The return journey to the city proper was accomplished in the same disorienting fashion as his arrival, but David's mind was racing with implications. The Jerusalem Gate was one of the most heavily guarded locations in the Hollow Earth, surrounded by defenses both physical and spiritual. If surface souls were managing to breach it, something fundamental was changing in the relationship between the worlds.

As he made his way through the golden streets of the Lost City, David found himself seeing the place with new eyes. What had once seemed like magnificent architecture now appeared artificial and oppressive. The perfectly geometric patterns seemed less like art and more like prison bars. The hybrid beings who walked the streets moved with the careful precision of those who knew they were being watched, their conversations conducted in whispers and glances.

The path to the Jerusalem Gate would take him through the Crystal Market, a chaotic bazaar that served as one of the few places in the Lost City where different factions mingled freely. It was there that David hoped to gather more information about the breaches, though he would have to be careful not to reveal his mission to the wrong ears.

The market was a riot of color and sound, a sprawling collection of stalls and shops built into the cavern walls and connected by bridges of crystallized energy. Vendors hawked everything from memory crystals to bottled dreams, their calls echoing off the stone surfaces in a dozen different languages. The air shimmered with the energy of countless transactions, both monetary and spiritual.

David moved through the crowds with practiced ease, his enforcer status recognized but not feared in this neutral ground. He paused at a stall selling information crystals, their surfaces swirling with captured knowledge and secrets. The vendor, a hybrid creature with the torso of a human and the lower body of something reptilian, regarded him with eyes that held ancient wisdom.

"Looking for something specific, enforcer?" the vendor asked, its voice carrying the musical quality common to its kind.

"Just browsing," David replied, though his attention was drawn to a particular crystal that pulsed with familiar energy. "What's the story behind that one?"

The vendor followed his gaze and smiled, revealing teeth that were just slightly too sharp to be human. "Ah, that one contains the dreams of a surface prophet. Very rare, very dangerous. The Watchers have been trying to suppress such things for decades, but they keep surfacing. Something about the barriers weakening, perhaps."

Before David could respond, a hand fell on his shoulder. He turned to find himself face to face with Liron, a hybrid he had encountered before in his duties. Liron was tall and lean, with the pale skin and luminous eyes of his kind, but there was something different about him, a quality of independence that most hybrids had long since abandoned.

"David Ward," Liron said, his voice pitched low to avoid attracting attention. "I had hoped to see you again. Walk with me, if you would. There are things we need to discuss."

David hesitated. Fraternizing with hybrids was not strictly forbidden for enforcers, but it was discouraged. Still, his mission required him to gather information, and Liron had always been a valuable source of intelligence about the underground movements in the Lost City.

They made their way to a quieter section of the market, where the stalls sold more mundane goods and the crowds were thinner. Liron led him to a small alcove carved into the cavern wall, a place where they could speak without being overheard.

"You've been assigned to the Jerusalem Gate," Liron said without preamble. It wasn't a question.

David's blood chilled. "How did you, "

"Know?" Liron smiled, but there was no humor in it. "Because I know you, David Ward. I know the look of a man who has been given an impossible task and told that failure means erasure. The Watchers are growing desperate."

"Desperate about what?"

Liron was quiet for a long moment, his luminous eyes scanning the market around them.

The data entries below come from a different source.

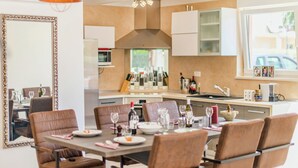 Een moderne keuken met een eethoek. Er is een grote tafel met stoelen, een keukenwerkblad en diverse keukenapparaten.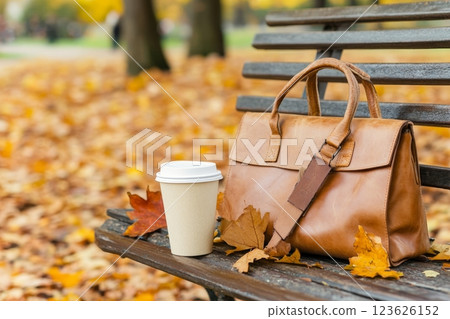 A leather handbag rests on a park bench surrounded by colorful autumn leaves and a warm coffee cup 123626152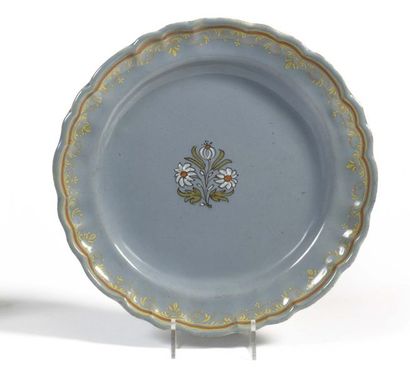 null Italy Plate with contoured rim in earthenware on a bluish grey background with...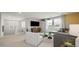 Cozy living room featuring large windows, plush seating, and modern decor at 12712 W Corona Ave, Avondale, AZ 85323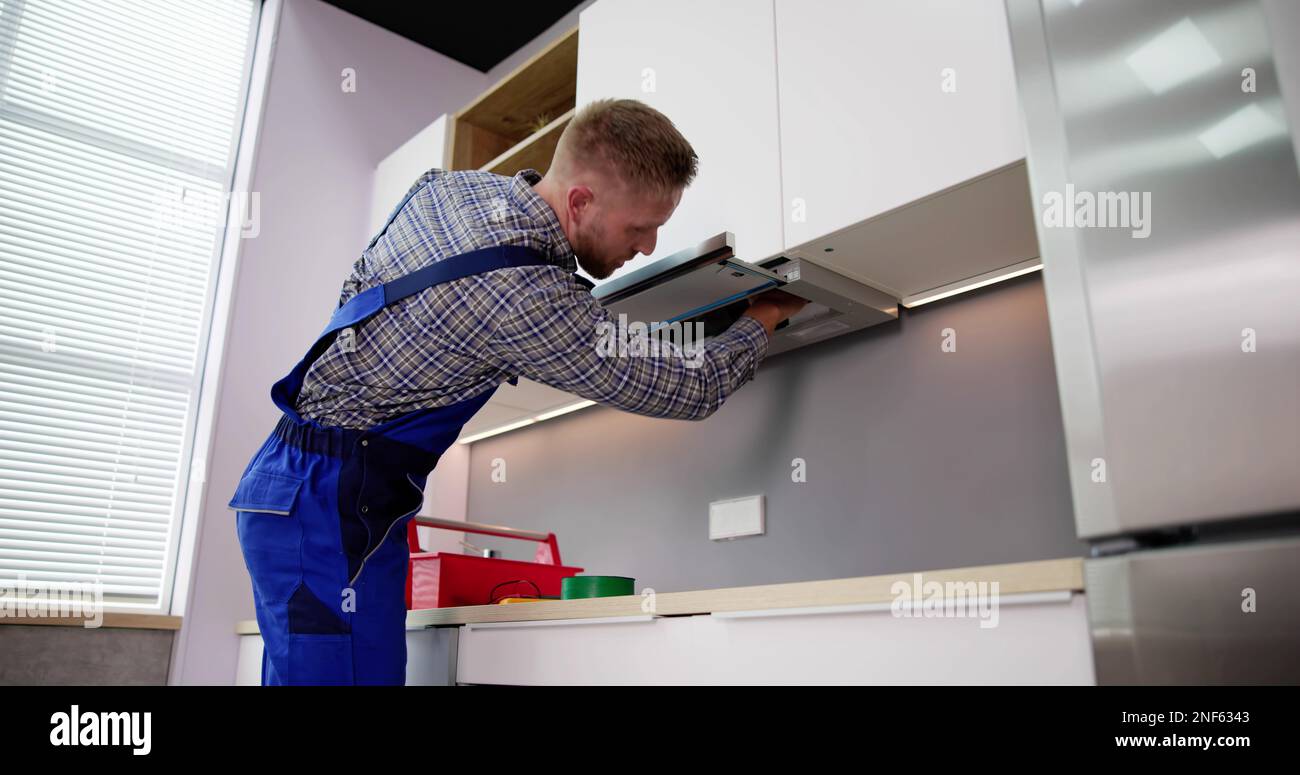 Stove Exhaust Fan Extractor Filter Maintenance And Change Stock Photo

When he spoke again, his voice was barely above a whisper. "The barriers are failing. Not just at Jerusalem, but at all five gates. The surface world is changing, evolving spiritually in ways the Watchers never anticipated. People are waking up, asking questions, seeking truth with an intensity that threatens everything the Watchers have built here."

David felt something shift in his chest, a flutter of hope that he hadn't experienced in months. "What kind of changes?"

"Mass spiritual awakening. The surface dwellers are developing abilities that were once reserved for the initiated. They're having prophetic dreams, spontaneous out-of-body experiences, and visions of other worlds. The old methods of suppression aren't working anymore."

"And the prophecy?"

Liron's eyes met his directly, and David saw something there that made his breath catch. "The prophecy speaks of a gatekeeper, someone who will choose to hold the doors open rather than slam them shut. Someone who will sacrifice themselves to ensure that truth can flow freely between the worlds."

He reached into his robes and withdrew a small crystal shard, its surface pulsing with inner light. "When the lie grows too loud, this will show you the truth. But be warned, David Ward, once you see clearly, you can never go back to blindness."

David took the shard, feeling its warmth against his palm. "Why are you helping me?"

"Because I believe you're the one the prophecy speaks of," Liron replied. "And because I've spent too many centuries watching truth be buried beneath layers of deception and control. The surface world deserves to know what lies beneath its feet. They deserve to understand that what they call aliens are actually the fallen angels of their own religious traditions, beings who have been manipulating human consciousness for millennia."

The implications of what Liron was saying hit David like a physical blow. The abduction phenomena, the UFO sightings, the government cover-ups, all of it was part of a massive deception designed to hide the true nature of humanity's spiritual reality. The Watchers weren't extraterrestrial visitors; they were the Nephilim, the fallen angels of ancient scripture, and they had been using human souls as both shields and weapons in their rebellion against the divine order.

"The Jerusalem Gate," David said, his voice hoarse with understanding. "It's not just an entrance, is it?"

"No," Liron confirmed. "It's a focal point of spiritual energy, a place where the boundaries between heaven and earth are at their thinnest. If it were to be fully opened, if the barriers were to fall completely, the truth would flood back into the surface world like a tsunami. The Watchers' great deception would be exposed, and their power over both realms would be broken."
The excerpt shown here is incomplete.